La única ópera que compuso el húngaro Béla Bartók en 1911 se basó en el célebre cuento de hadas que popularizó Charles Perrault a fines del siglo XVII: El castillo de Barbazul contó con el libreto de Béla Balázs, uno de los primeros teóricos de cine, poeta y amigo cercano del compositor –y del filósofo Georg Lukács–. La ópera dura poco más de una hora, cuenta con un solo acto y un dúo protagonista que acaba de fugarse: el duque Barbazul y su nueva esposa Judith, que, convencida de que puede redimirlo, le pide a Barbazul las llaves de siete puertas misteriosas.

La temporada de ópera 2018 se iniciará con este estreno, que cuenta con la dirección musical de Ligia Amadio, la dirección escénica de Marianella Morena, y las interpretaciones de la uruguaya Adriana Mastrángelo y el argentino Hernán Iturralde, ambos distinguidos con importantes reconocimientos de la fundación Konex: a Mastrángelo la eligió como una de las cinco mejores cantantes femeninas de la última década, y a Iturralde como el mejor cantante masculino de la década 2000-2010.

En sus últimas puestas, la directora y dramaturga Marianella Morena (Las Julietas; No daré hijos, daré versos; Rabiosa melancolía) ha comenzado a acercarse a lo musical. En cuanto al estreno del jueves, adelantó que en esta ópera la música no ocupa un plano distinto, sino que está totalmente fusionada con la propuesta escénica, y que se trata de una obra que cuenta con muchas incursiones atípicas dentro del género, ya que no hay un coro ni una orquesta, sino sólo dos cantantes; “además de la complejidad que tiene en sí misma la pieza”, que también presenta una concepción escénica distinta de la tradicional.

“Lo interesante es salir del lugar de confort y trascender los límites propios; eso es lo que más me atrae, y tiene que ver con el universo genuino de la creación”, dice Morena. Agrega que esto es lo neurálgico, “porque es con lo que tenés que lidiar, con lo salvaje, lo oscuro, lo desconocido. Y cuando vos decidís enfrentarlo, corrés riesgos. El desafío es cómo no repetirse a sí mismo, no apelar a lo conocido, y que la experiencia realmente sea un desarrollo sensible e inteligente, y no el desarrollo de una fórmula”.

Cree que en la actualidad la dirección escénica en ópera ha avanzado porque se le comienza a asignar un lugar importante. Y en este caso, si bien la fábula no es lo fuerte del texto, sí lo es el desarrollo argumental de ciertas cuestiones que plantea Barbazul, y que se basan en el cuento original. “Me gustó limpiar esa idea del malo como el monstruo.

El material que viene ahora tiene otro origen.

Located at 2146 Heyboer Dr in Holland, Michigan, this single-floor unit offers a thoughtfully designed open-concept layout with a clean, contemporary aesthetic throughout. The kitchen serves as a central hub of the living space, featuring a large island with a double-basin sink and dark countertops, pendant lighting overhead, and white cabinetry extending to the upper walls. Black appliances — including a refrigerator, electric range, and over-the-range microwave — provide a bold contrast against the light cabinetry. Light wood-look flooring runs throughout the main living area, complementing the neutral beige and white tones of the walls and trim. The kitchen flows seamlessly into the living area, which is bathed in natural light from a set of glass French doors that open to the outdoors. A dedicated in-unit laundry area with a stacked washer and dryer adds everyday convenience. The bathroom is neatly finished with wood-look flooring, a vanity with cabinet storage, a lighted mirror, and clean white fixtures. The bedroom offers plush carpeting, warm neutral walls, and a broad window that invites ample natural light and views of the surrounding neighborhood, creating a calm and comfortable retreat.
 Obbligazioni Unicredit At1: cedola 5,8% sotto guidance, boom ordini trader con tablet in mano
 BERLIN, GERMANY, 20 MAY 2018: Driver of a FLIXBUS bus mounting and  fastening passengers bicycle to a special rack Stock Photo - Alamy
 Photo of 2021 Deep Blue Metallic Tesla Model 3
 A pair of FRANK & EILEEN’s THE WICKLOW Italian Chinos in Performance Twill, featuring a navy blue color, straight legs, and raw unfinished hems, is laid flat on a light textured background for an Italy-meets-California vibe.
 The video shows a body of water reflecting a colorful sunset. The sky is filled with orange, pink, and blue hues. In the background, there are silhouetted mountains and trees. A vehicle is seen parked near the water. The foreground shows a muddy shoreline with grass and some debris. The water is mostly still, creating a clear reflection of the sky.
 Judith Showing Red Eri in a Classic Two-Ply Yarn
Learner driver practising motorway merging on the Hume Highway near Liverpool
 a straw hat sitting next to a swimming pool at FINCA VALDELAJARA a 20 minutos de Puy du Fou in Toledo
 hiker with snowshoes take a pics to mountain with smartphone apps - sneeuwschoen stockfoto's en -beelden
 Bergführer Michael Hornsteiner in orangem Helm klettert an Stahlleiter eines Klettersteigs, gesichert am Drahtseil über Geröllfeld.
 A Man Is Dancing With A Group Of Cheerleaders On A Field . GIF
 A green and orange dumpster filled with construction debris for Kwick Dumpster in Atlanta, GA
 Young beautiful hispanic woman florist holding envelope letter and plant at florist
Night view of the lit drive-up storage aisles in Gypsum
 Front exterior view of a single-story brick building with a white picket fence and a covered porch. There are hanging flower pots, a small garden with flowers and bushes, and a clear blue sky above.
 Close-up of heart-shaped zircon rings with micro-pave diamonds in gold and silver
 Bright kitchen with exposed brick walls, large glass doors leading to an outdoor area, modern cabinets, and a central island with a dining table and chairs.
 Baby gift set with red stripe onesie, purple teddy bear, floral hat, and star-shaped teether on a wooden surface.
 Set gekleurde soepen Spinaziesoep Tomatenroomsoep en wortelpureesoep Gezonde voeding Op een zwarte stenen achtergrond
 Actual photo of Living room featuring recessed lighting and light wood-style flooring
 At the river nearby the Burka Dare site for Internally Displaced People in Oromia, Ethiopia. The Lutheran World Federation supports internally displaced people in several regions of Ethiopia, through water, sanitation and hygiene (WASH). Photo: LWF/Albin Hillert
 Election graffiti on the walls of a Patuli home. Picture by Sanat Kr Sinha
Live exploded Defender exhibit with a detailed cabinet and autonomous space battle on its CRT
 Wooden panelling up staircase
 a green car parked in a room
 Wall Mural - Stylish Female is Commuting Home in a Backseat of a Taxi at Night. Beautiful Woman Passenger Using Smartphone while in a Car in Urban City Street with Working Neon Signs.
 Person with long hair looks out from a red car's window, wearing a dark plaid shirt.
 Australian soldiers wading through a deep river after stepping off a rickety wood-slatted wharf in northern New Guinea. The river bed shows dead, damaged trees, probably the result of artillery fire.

Lo llevé a un thriller psicológico, articulado a partir de una pareja contemporánea y manteniendo las patologías, las tensiones. Judith es una mujer desafiante, y ese poder le juega en contra porque cree que todo lo puede resolver, porque está acostumbrada al desafío en su mundo profesional y desoye los rumores que hay sobre él. Está convencida de que es una superwoman. Mientras tanto, en él trabajamos con una patología más anclada en lo sexual, y eso es lo que lo lleva a lo criminal”.

Sobre la puesta dice que se trata de un montaje hiperrealista, ya que comienza con una pareja que se encuentra en un espacio acotado y a partir de esto se produce la estructuración de la historia, “hasta que concluye en un estado salvaje que no se asocia al mundo realista, y el realismo da paso al extrañamiento. En el relato, que es muy fantástico, aparecen siete puertas que no existen. No hay una literalidad simbólica, sino un paralelismo sobre qué es esa puerta de sangre, esa puerta de un jardín, de su reino, que está llevado a elementos concretos y objetos realistas de un dormitorio”, plantea. La directora admite que lo musical cuenta con una particularidad que le resulta fascinante, ya que propone un relato “muy hipnótico, muy seductor y muy envolvente, que tiene que ver con el juego de la oscuridad. De lo contrario, el mal no seguiría imponiéndose tanto sobre el bien”; o, al menos, no se seguiría jugando con su atractivo.